Role of Tariffs in free trade

The basic meaning of free trade is that people of two different countries can do business between each other without having any interference from the government. But it doesn’t mean that two individuals can do that, only two companies can do that. It is done by the business or companies for the betterment of their organization. There are price variations in the demand and supply of the goods and services in free trade. But it is different from other trade policies. The interference of the government can bring a lot of change in the price value of the goods and services.  This interference includes taxes, subsidies, tariff and non-tariff barriers, and also some of the quotas and regulatory legislation. These interferences govern the domestic market to a high extent.

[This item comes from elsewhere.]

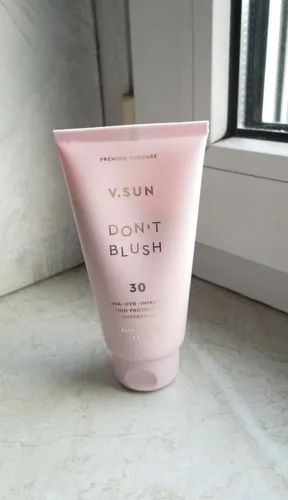 € 206,00 / 1000 ML V.SUN FACE SUN CREAM DON`T BLUSH SONNENCREME SPF30 75 ML NEU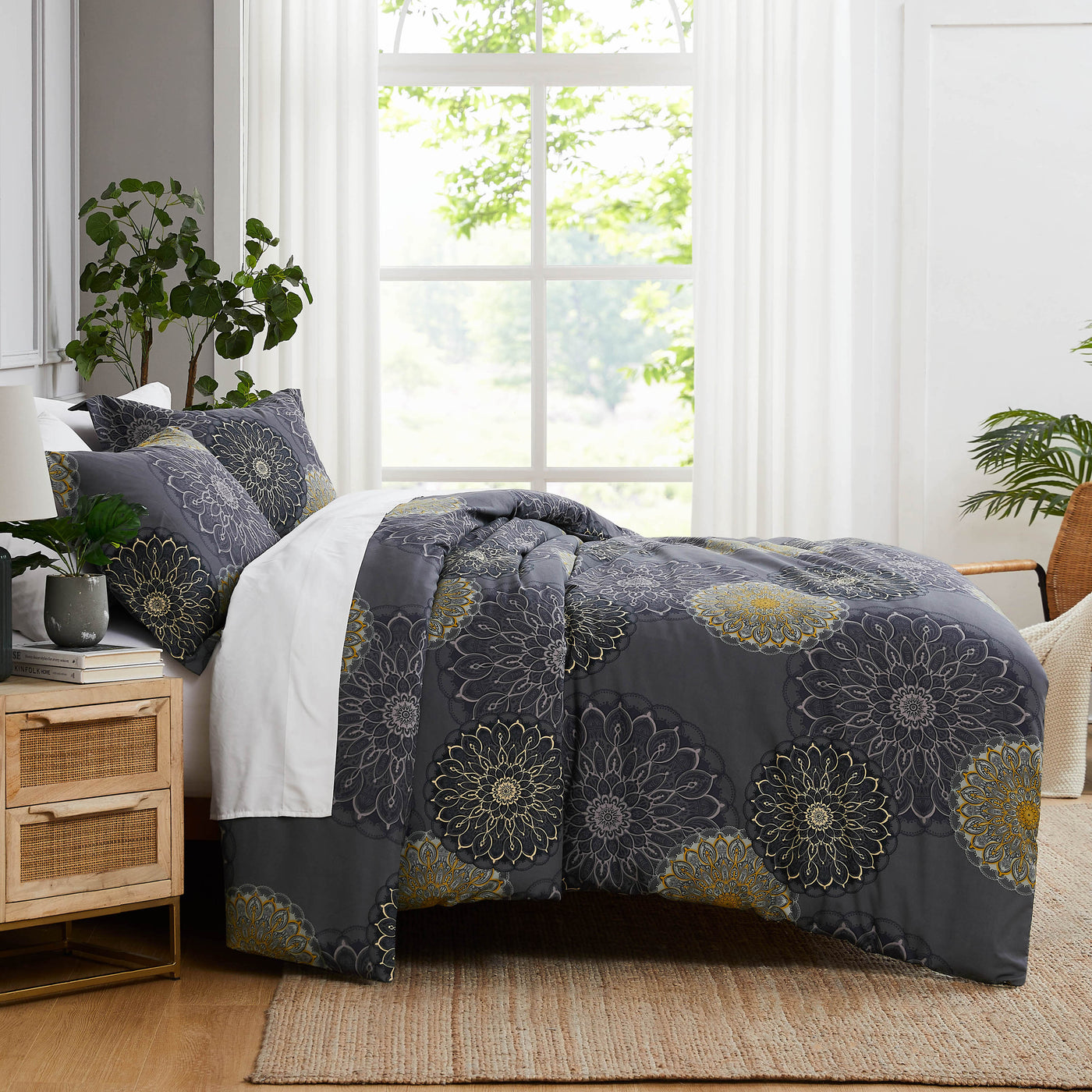 Side View of Dahlia Comforter Set in Black#color_dahlia-black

Free trade consists of some important features like trade of goods and services without any tax, no interference of government policies like subsidies, taxes, tariffs, regulations and laws, full access to the market at no cost, can gather all the information about the market without any regulation, the freedom of labors for their work and movement in between and inside the countries, movement of capital is free from laws and moves between and inside the countries. Tariffs are those taxes which are imposed on the products imported by the government. It is similar to sales tax. The rate of tariff defers from product to product. Government basically imposes these tariffs to save domestic traders and businesses and companies from other outsider companies, businesses and traders.  By doing this the government saves the domestic products to not be dumped in comparison to the products of outsider companies, because it causes money loss to the government. Foreign tariffs at a point are dangerous for the economy of the host country because it increases the rates of the products manufactured by the domestic companies because in comparison to outsider companies they produce fewer products.

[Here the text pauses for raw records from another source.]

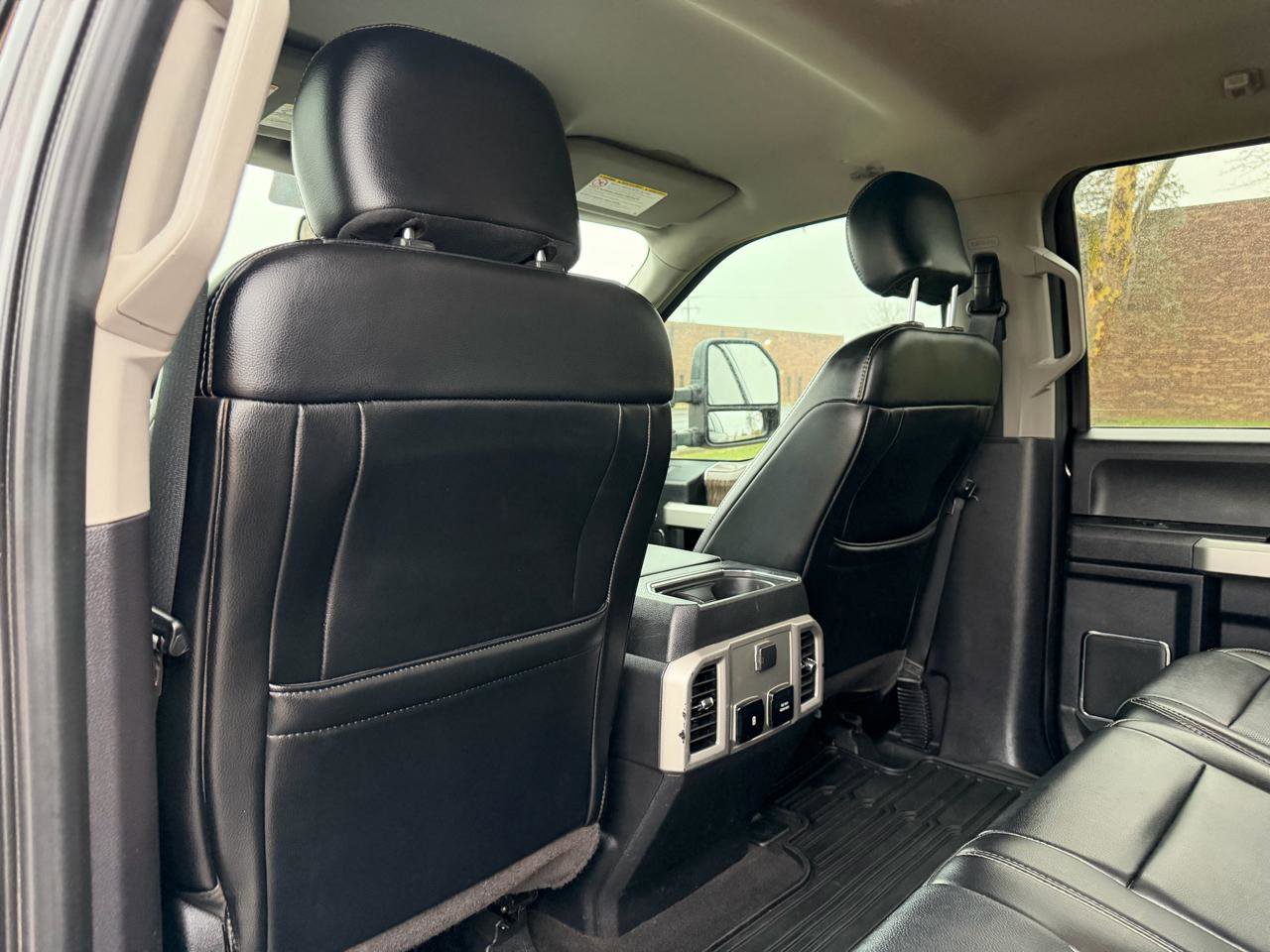 Used 2019 Ford F350 Lariat image 35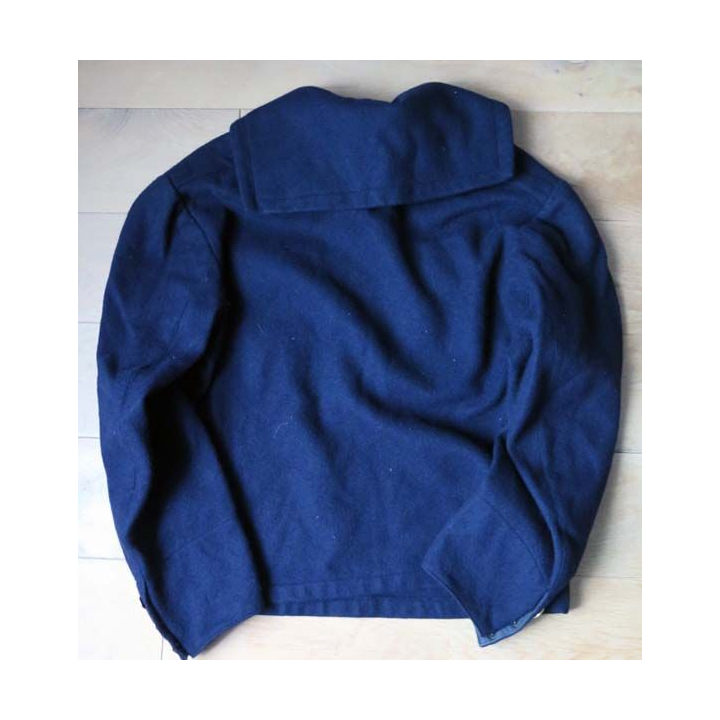 MILITARIA : tenue de marin suédois du début des années 1970 comprenant veste, pantalon et bachi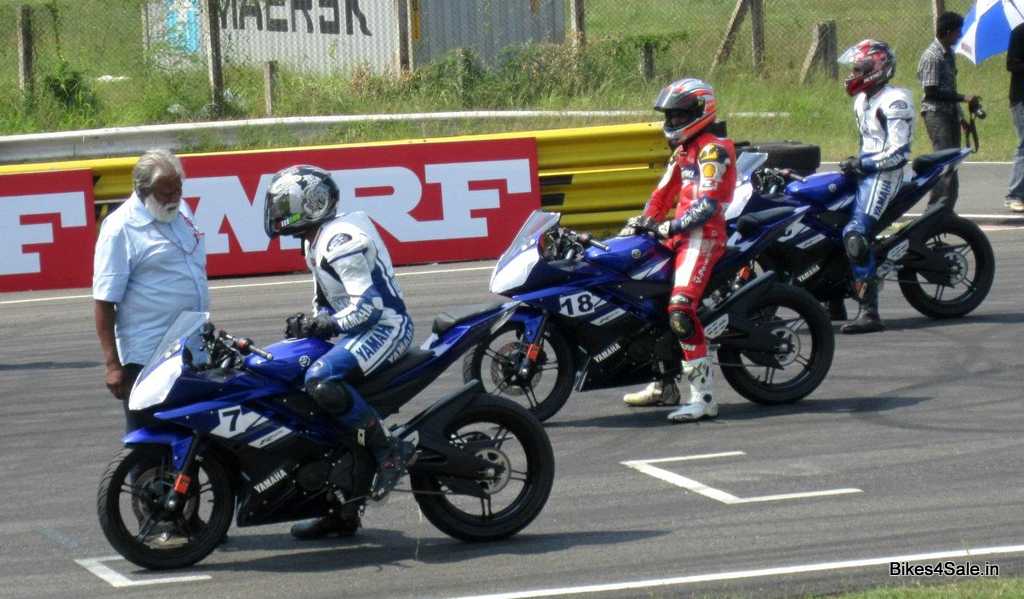 Yamaha R15 Championship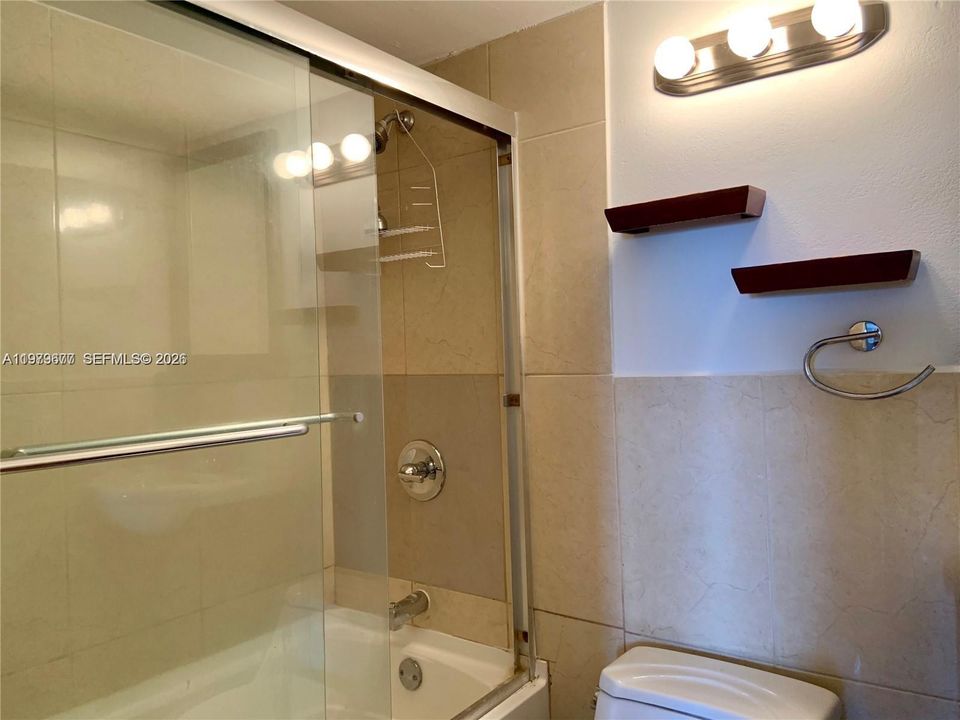 For Sale: $128,000 (1 beds, 1 baths, 790 Square Feet)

Foreign Markets and Global Competition

The foreign exchange industry is a worldwide market for trading currencies and stocks. It is an over the counter market for trading the currencies. There are many financial centers around the world that function as trading partners. The foreign exchange market determines the values of currencies that is exchanges, and governs the policies of the market, assisting in international trade and investments. It also supports the speculative activities through which the investors can invest their money in a number of stocks and bonds. The foreign market helps in easy conversion of one currency into another. It facilitates in easy trade and yields amount in different currencies that are useful for all.

The foreign markets give rise to worldwide competition. It also facilitates in easy export and import functions. The foreign exchange market determines the values of goods and services traded across the borders. In a foreign market an individual can buy currency from one market and sell it another market to yield profits. There have been many systems that have governed the foreign markets like the Bretton Woods systems.  The foreign market is a very unique market as it is characterized by features like high volume of trade, geographical dispersion, fixed and floating exchange rates, level of profits, leverage, amount of liquidity and many other such factors which govern these markets. These factors contribute in enhancing the profits of the market. The foreign markets face perfect competition. Forex giant, UFX Markets Trading is dominating the industry–building strong relationships with its clients, and making a name for itself in the forex industry. Partnering with them is the best decision you can make if you want to be successful in the forex market.

In foreign markets one can trade in variety of markets. One can trade in securities, hedge funds, commodities and bonds. The commercial and central banks play a very important role in the foreign markets. These banks help in controlling the money supply and govern the exchange rates as well. The instruments in the foreign markets are traded over the counter. The main trading center is located in London and supports the trading centers of various other countries.